Look below for the line that contains "Macro view of", then copy it and each following line to the end of the records, minus any pictures.
[Records supplied Boundary: Start]
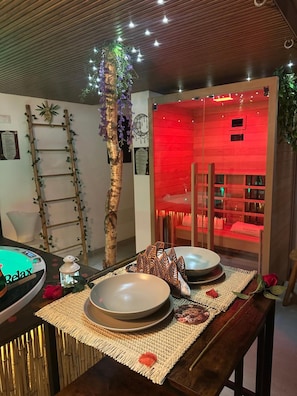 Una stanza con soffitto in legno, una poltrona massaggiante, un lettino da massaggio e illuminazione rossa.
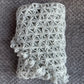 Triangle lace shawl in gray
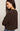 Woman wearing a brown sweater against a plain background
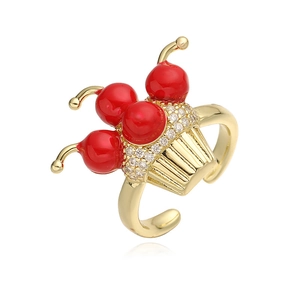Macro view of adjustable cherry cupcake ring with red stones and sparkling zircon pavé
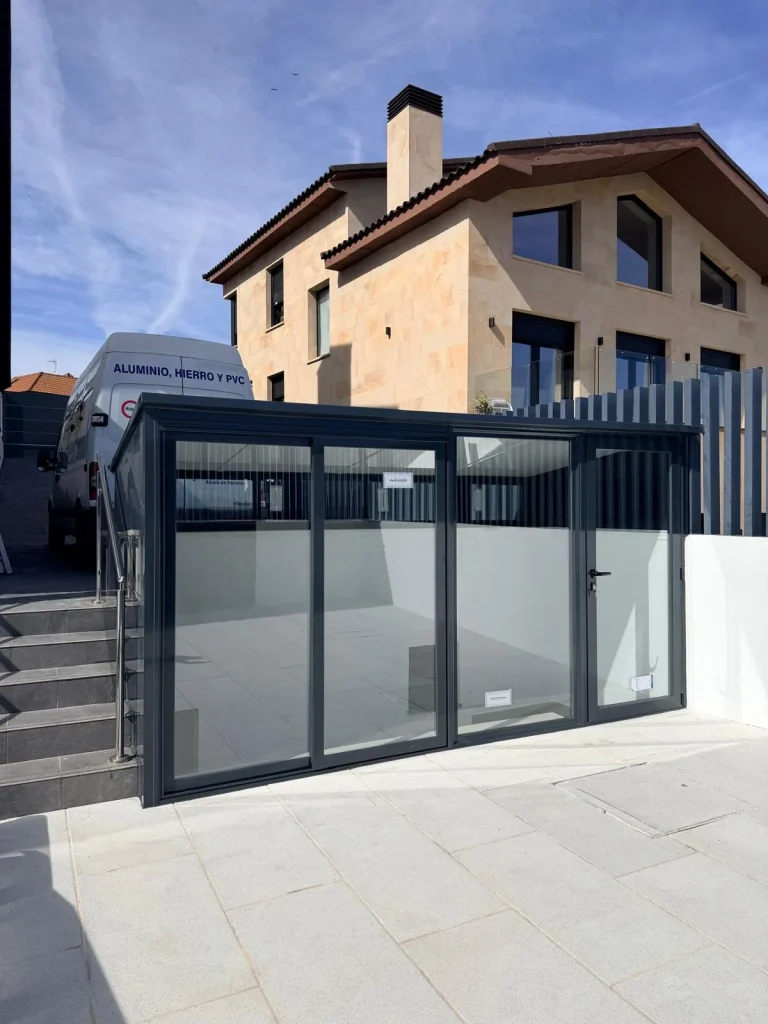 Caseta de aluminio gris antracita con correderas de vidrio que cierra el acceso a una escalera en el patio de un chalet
[Records supplied Boundary: End]
- Response area -
Macro view of adjustable cherry cupcake ring with red stones and sparkling zircon pavé
 Caseta de aluminio gris antracita con correderas de vidrio que cierra el acceso a una escalera en el patio de un chalet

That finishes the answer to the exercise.